**** Data for this task ****

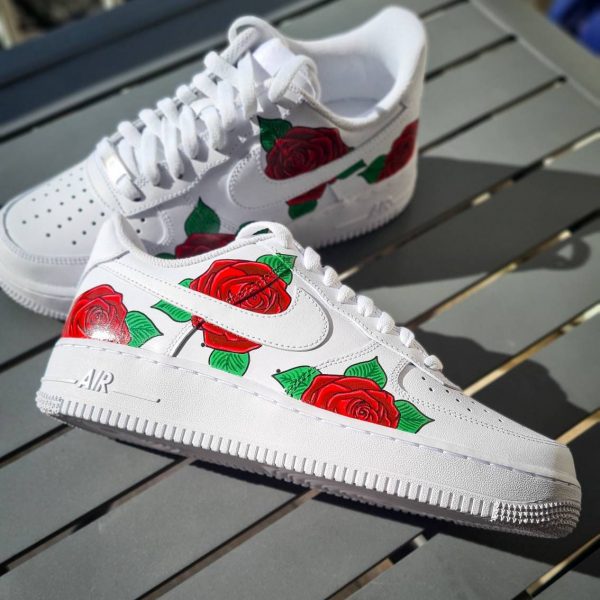 Roses Hand Painted Custom Air Force 1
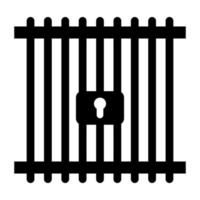 Prison on a white background vector
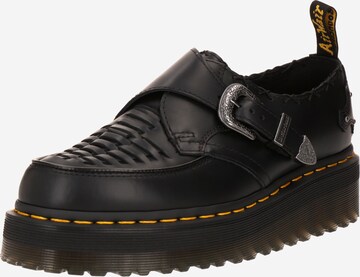 Dr. Martens Slip-ons 'Ramsey Quad Monk' in Black: front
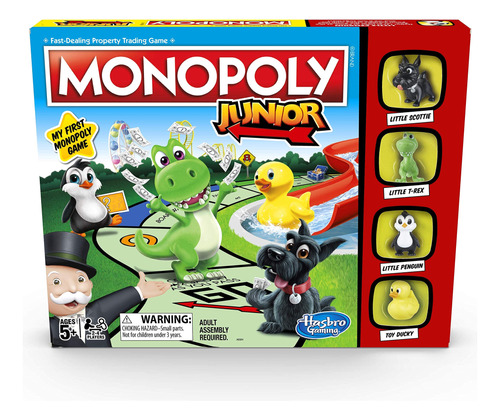 Monopoly Juego Junior, Juego De Mesa Monopoly Para Niños, .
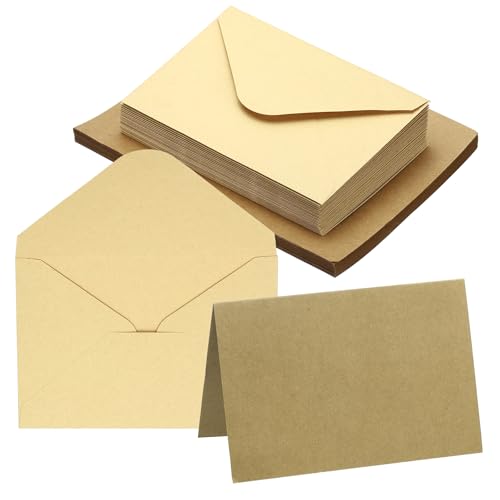 Cartes de voeux vierges avec enveloppes PATIKIL 4x6" lot de 20 pièces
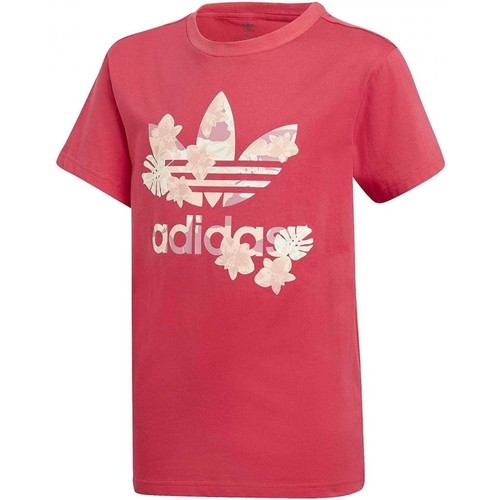 Textiel Meisjes T-shirts korte mouwen adidas Originals Tee Roze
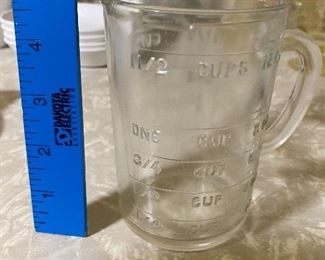 Glass Measuring Mug $5.00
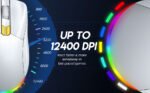 ZIDLI M85 RGB Gaming Mouse – Optical Sensor 16,000 DPI – 1000 Hz Polling Rate – Paracord Cable – Lightweigh 68G (White) - Image 3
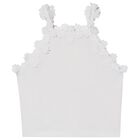 Girls White Lace Top, 1, hi-res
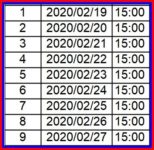 calendario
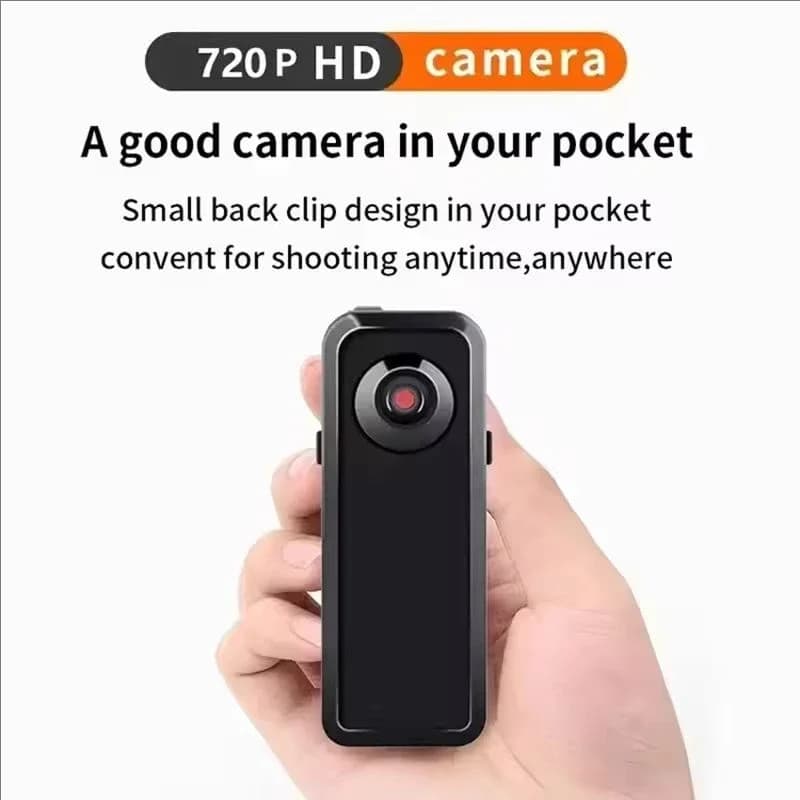 Portable Mini HD DV Body Camera Camcorder Video Recorder Security DVR with Mount — image 2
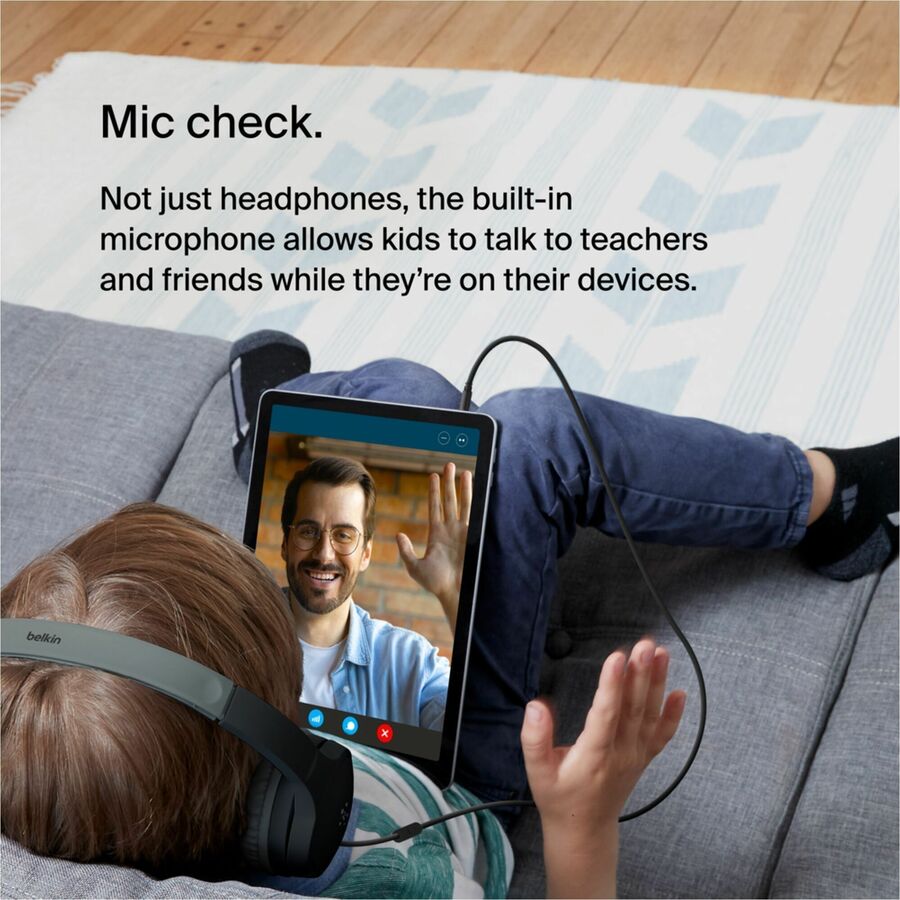 Alternate-Image2 Image for Belkin SOUNDFORM Mini Wired On-Ear Headphone for Kids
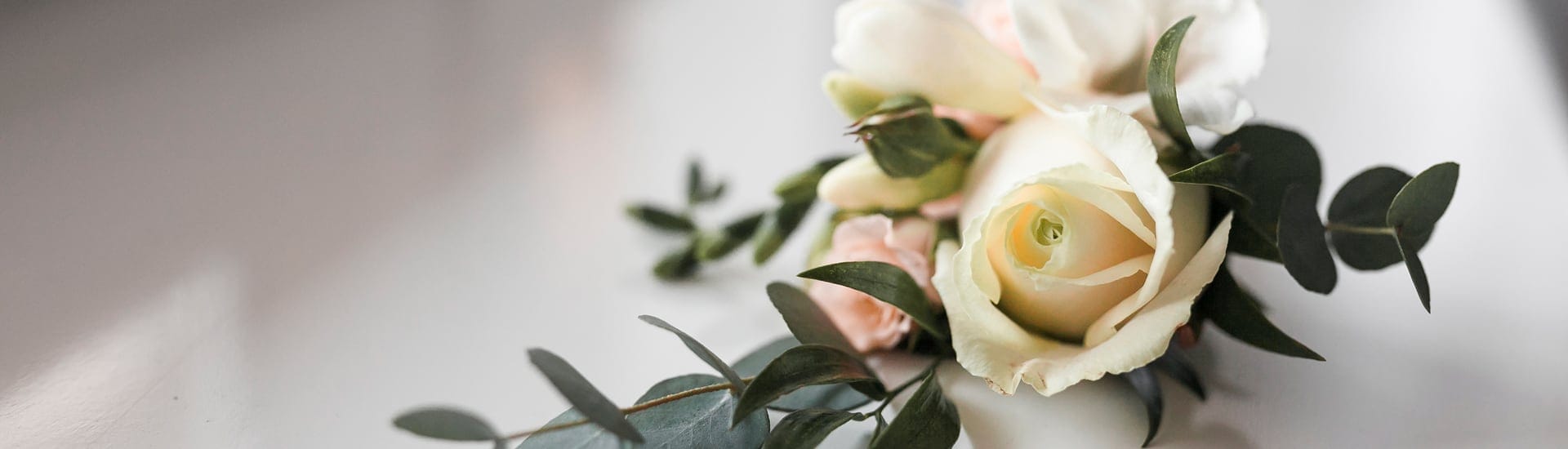 Rose bianche e rosa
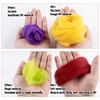 Homewit Needle Felting Wool, Wool Roving 10 Colors Set, Roving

****

■ Description of the task
Your answer is all of the records restated word for word, pictures excluded.

■ Task answer
 Roses Hand Painted Custom Air Force 1
 Prison on a white background vector
 Dr. Martens Slip-ons 'Ramsey Quad Monk' in Black: front
 Monopoly Juego Junior, Juego De Mesa Monopoly Para Niños, .
 Cartes de voeux vierges avec enveloppes PATIKIL 4x6" lot de 20 pièces
 Textiel Meisjes T-shirts korte mouwen adidas Originals Tee Roze
 Glass Measuring Mug $5.00
 ZIDLI M85 RGB Gaming Mouse – Optical Sensor 16,000 DPI – 1000 Hz Polling Rate – Paracord Cable – Lightweigh 68G (White) - Image 3
 Girls White Lace Top, 1, hi-res
 calendario
 Portable Mini HD DV Body Camera Camcorder Video Recorder Security DVR with Mount — image 2
 Alternate-Image2 Image for Belkin SOUNDFORM Mini Wired On-Ear Headphone for Kids
 Rose bianche e rosa
 Homewit Needle Felting Wool, Wool Roving 10 Colors Set, Roving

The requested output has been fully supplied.